Barrett is a Huntington native. He went to Walt Whitman High School, and started his own business, Barrett Automotive, in 1997 in Huntington Station. He’s been involved in multiple organizations in Suffolk County, including the Huntington Station Business Improvement District, or BID, and Suffolk County Downtown Revitalization Grant Program.
“I’ve seen the inner workings of town government, and it’s prepared me for the role of town councilman,” Barrett said.
Appointed deputy director of general services about a year ago, Barrett has learned how to maximize the work of the department to make it work better for the residents of Huntington Town.
Previously, state inspections for Huntington Town-owned cars were not done inhouse, which he said was costing much more than having Barrett’s department perform them.
“I had the business sense to see that if the inspections were done inhouse, it would save the taxpayers a significant amount of money. It saves approximately $450,000 annually.”
Barrett also made sure all his employees were certified and earned their inspector licenses, so that he was not the only employee who could perform state inspections.
As president of the Huntington Station BID since its inception in 2004, Barrett has been able to continue to bring improvements to Huntington Station. Improvements include decorating the community with flower baskets, putting more garbage cans out on the streets and installing 43 security cameras that the Suffolk County Police Department has access to.
Brad Rosen, a member of the Huntington Station BID, said the reason he and Barrett get along so well is because they both come through on everything they commit to.
“All town government is a business, and one thing I know of Keith is that he’s a businessman,” Rosen said in a phone interview. “America is a business now and it needs to be run like one.”
He also praised Barrett’s ethics as being nothing but “perfect.”
The annual Huntington Station Awareness Parade, which Barrett co-chairs, is another project the BID is involved with.
“I try to make business propositions better in Huntington Station,” Barrett said. “I’ve always wanted to make Huntington Station a destination, not a drive-thru. My assumption of Huntington Station was that you drove through there to get to the village, or you drove through it to get on the expressway. We want people to stop there, shop there, live there, work there and play there.”

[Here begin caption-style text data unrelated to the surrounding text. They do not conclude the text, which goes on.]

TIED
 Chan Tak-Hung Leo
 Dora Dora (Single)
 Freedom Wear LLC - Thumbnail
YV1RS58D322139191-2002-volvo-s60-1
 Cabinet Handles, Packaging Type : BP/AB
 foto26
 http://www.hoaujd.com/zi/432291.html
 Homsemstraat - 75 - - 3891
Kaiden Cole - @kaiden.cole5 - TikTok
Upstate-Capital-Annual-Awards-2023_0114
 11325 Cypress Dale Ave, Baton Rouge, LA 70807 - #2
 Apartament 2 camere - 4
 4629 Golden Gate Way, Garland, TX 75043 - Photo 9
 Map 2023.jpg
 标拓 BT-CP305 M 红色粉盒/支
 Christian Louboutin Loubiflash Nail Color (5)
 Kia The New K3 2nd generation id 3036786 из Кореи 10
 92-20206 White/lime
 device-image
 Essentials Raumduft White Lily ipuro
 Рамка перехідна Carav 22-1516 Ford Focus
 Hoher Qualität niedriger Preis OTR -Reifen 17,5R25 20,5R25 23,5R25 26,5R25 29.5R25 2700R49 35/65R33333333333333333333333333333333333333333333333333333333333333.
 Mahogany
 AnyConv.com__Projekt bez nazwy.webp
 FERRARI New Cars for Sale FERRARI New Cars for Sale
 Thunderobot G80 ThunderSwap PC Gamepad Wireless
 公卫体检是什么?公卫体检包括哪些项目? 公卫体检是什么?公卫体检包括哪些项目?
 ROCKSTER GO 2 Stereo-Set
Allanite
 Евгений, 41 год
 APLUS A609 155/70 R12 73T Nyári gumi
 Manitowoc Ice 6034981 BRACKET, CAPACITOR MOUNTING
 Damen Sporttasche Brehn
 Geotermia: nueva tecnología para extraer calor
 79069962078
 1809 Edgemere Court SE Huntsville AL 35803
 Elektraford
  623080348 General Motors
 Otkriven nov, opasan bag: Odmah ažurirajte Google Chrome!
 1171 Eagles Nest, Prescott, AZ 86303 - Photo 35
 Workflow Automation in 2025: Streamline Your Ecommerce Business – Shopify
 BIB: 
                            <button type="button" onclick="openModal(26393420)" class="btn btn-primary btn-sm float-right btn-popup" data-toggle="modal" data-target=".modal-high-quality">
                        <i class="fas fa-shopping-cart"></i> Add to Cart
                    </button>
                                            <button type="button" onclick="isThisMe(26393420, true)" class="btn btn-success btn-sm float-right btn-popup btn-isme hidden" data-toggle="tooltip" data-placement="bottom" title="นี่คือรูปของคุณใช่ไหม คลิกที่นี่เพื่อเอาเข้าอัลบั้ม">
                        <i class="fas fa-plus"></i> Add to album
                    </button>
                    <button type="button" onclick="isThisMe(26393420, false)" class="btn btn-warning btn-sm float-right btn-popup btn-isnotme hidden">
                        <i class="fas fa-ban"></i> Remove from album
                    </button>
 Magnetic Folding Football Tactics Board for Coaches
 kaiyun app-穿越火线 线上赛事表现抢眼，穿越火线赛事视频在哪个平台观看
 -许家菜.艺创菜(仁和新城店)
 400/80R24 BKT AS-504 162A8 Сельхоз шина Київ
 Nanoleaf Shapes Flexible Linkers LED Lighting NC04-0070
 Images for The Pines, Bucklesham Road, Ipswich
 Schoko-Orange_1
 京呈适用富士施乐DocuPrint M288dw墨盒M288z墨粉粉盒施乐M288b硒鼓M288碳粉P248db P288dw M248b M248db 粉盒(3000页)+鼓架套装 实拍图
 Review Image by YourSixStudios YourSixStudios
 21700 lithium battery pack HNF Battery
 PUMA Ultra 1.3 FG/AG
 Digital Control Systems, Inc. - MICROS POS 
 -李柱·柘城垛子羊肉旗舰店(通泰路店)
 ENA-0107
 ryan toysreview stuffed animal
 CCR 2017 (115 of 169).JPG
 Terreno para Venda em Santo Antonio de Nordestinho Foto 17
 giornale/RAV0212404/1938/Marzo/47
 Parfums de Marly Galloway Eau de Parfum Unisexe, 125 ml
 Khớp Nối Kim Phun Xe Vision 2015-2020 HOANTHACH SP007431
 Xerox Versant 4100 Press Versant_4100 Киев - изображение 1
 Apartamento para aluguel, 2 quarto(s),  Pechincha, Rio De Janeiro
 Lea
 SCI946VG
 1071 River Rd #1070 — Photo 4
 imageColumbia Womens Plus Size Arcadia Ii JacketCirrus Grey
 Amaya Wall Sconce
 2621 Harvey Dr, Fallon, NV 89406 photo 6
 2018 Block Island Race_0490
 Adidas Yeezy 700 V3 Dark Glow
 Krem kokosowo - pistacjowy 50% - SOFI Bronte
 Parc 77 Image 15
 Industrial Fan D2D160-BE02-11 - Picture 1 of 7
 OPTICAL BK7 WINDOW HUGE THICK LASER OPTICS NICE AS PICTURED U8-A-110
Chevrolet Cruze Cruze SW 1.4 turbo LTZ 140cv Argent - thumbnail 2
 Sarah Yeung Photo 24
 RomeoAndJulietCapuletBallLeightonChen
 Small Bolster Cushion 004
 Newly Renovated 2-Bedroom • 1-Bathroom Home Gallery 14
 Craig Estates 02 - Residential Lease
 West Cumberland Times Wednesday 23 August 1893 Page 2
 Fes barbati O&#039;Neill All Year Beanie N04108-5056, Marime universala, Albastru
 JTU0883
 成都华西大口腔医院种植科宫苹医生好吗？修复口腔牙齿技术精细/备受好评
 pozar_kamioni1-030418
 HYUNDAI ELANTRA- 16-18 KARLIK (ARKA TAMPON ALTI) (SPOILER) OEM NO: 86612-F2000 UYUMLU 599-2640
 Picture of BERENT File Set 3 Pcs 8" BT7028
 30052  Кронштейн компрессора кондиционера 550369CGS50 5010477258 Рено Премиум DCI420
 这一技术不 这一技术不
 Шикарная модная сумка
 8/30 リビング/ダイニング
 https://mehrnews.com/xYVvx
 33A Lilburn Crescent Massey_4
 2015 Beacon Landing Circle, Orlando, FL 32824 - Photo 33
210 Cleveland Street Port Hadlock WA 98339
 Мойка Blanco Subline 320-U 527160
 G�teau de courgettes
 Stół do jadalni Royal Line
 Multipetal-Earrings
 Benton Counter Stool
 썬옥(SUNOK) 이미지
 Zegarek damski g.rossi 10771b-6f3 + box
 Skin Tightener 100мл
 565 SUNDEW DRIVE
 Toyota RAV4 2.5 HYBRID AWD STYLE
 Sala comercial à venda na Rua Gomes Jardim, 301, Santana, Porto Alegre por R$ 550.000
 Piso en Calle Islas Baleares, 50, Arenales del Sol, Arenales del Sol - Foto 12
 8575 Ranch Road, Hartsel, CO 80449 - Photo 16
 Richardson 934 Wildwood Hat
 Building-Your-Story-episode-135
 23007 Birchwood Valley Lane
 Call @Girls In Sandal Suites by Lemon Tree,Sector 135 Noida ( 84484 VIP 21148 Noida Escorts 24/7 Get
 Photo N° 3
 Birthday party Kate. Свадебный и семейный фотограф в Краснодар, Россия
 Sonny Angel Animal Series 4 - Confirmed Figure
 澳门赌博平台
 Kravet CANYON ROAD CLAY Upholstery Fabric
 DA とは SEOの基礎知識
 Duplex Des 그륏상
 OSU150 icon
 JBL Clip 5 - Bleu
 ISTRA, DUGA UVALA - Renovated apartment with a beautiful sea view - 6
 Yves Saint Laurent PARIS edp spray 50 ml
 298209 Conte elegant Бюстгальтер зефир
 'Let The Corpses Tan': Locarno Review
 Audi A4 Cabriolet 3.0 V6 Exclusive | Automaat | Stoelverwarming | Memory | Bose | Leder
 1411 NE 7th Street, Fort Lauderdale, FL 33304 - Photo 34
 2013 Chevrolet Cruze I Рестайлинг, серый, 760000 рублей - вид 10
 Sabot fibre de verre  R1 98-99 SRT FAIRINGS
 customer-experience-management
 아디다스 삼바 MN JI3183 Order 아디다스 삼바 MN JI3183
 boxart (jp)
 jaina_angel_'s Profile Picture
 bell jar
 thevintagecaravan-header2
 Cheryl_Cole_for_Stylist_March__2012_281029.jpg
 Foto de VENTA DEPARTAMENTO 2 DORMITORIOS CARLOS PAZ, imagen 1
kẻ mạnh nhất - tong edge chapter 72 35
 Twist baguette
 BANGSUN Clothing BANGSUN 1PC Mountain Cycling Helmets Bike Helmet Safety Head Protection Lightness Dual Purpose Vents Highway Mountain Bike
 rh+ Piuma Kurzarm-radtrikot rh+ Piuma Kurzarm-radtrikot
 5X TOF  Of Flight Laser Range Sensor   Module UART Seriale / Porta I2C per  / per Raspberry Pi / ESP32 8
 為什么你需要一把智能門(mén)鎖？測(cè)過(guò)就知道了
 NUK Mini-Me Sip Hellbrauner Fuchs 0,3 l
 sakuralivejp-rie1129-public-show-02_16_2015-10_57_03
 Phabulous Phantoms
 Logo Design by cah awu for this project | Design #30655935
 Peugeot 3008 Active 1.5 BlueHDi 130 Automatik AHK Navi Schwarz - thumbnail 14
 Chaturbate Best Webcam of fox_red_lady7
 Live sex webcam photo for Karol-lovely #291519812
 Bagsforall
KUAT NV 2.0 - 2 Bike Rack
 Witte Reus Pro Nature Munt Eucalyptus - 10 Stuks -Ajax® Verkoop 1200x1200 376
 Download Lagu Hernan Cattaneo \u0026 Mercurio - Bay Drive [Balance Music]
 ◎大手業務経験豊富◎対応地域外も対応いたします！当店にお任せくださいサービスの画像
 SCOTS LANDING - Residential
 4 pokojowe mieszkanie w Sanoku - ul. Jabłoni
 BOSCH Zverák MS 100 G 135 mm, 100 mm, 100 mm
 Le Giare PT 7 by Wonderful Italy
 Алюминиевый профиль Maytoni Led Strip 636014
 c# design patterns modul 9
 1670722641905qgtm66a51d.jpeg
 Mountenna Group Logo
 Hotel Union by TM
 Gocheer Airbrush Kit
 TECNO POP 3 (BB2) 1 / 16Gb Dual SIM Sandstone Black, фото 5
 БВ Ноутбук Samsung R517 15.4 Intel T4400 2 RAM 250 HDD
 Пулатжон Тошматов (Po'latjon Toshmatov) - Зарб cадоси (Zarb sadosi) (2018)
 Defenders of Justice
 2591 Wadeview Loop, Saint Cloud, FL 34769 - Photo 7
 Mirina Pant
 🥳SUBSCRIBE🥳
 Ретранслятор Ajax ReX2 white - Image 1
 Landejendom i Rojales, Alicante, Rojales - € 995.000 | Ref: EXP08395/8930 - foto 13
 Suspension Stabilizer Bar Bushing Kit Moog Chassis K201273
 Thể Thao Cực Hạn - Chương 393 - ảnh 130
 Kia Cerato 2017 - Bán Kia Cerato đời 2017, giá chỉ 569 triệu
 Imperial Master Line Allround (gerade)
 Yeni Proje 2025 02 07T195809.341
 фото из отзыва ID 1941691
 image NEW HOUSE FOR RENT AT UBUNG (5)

Barrett’s involvement spans further than just Huntington Station. As a member of the Suffolk County Downtown Revitalization Grant Program, Barrett said he has worked to get grants for Northport and East Northport to help better those areas as well.
Currently in the works, and a project that Barrett helped pushed through, is a grant for Northport to develop kiosks and an information center. This would help spread information about events going on in Northport to the many visitors the village gets during its busy summer season.
Grants to improve the intersection marking entrance to Northport Village and to revamp crosswalks in East Northport are other projects Barrett has fought for while a member of the grant program.
In terms of issues facing Huntington Town, Barrett said public safety is among the biggest. “It needs to be addressed.”
A committee for Huntington Station public safety is one idea Barrett is interested in pursuing if elected. He wants to hear insight from community members.
“I believe police presence makes a big difference,” he said. “I’d love to see more patrols,” Barrett said, when asked whether he agrees with recent outcries from residents for an increased police force after several incidents of violence this summer.
When asked his position on over-development, Barrett said, “as long as it’s regulated, I don’t see it as a terrible problem. To an extent, we need to do it. As long as it doesn’t end up looking like Queens.”
Overall, Barrett said he’s got a unique perspective to bring to the board.
“We have lawyers on the board. I am a businessperson. I’m going to take a business aspect. I want to best utilize our labor for the best use for the community,”
Recently, Barrett used his labor force to better the community by redoing a basketball court in Otsego Park in Dix Hills. He asked Highway Superintendent Peter Gunther to repave the court, which was full of cracks, instead of hiring an outside contractor, which would cost much more.
Barrett then had his team repair the backboards and, soon enough, a new and improved basketball court was ready for the kids. He said he hopes to continue this idea and repair two more basketball courts at Veterans Park in East Northport.
“I want to see more things like this being done in all departments,” Barrett said.